My idea is to have a replication API that provides for generation and consumption of events completely separate from any details of the actual format of events in the binlog or any other method used to store or process the events. This will allow replication plugins that use a completely different binlog implementation, or even has no binlog at all.

So such an API needs to provide all of the above information (to allow re-implementing the existing binlog/replication as a plugin, if for no other reason), but need not provide such information in any particular event format. In fact, I am trying to make the API so that such information need not be materialised in structures or memory buffers at all; instead relying on providing accessor methods, so that an implementation can request just the information it needs, and materialise it as or if needed.

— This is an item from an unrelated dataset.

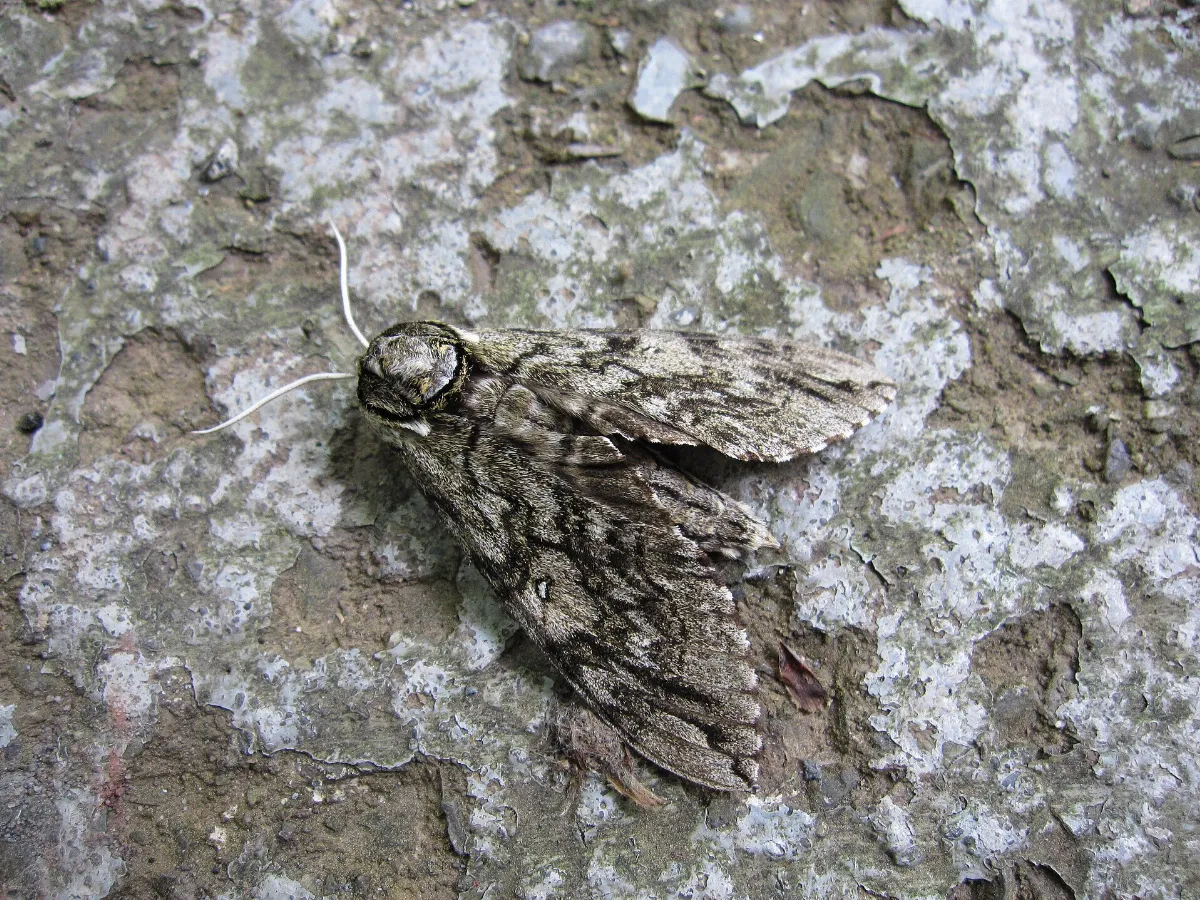Ceratomia undulosa (6303435099)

On top of this I still think it makes sense to define a standard (but optional) materialised event format, so that more light-weight plugins can be written that can do interesting things with replication without having to implement a full new event format each time. I am still considering whether to extend the existing binlog format (which is not all that attractive, as it is not very easily extensible), or whether to define a new more flexible format (for example based on the Google protobuffer library).

More on the existing binlog format

Just for completeness, here is some additional description of the existing MySQL/MariaDB 5.1 binlog format. These are things that I believe are not required in a new API, as they are mostly internal implementation details. However, as I had to go through them anyway while finding the stuff that does need to be in the API, I will include a brief description here.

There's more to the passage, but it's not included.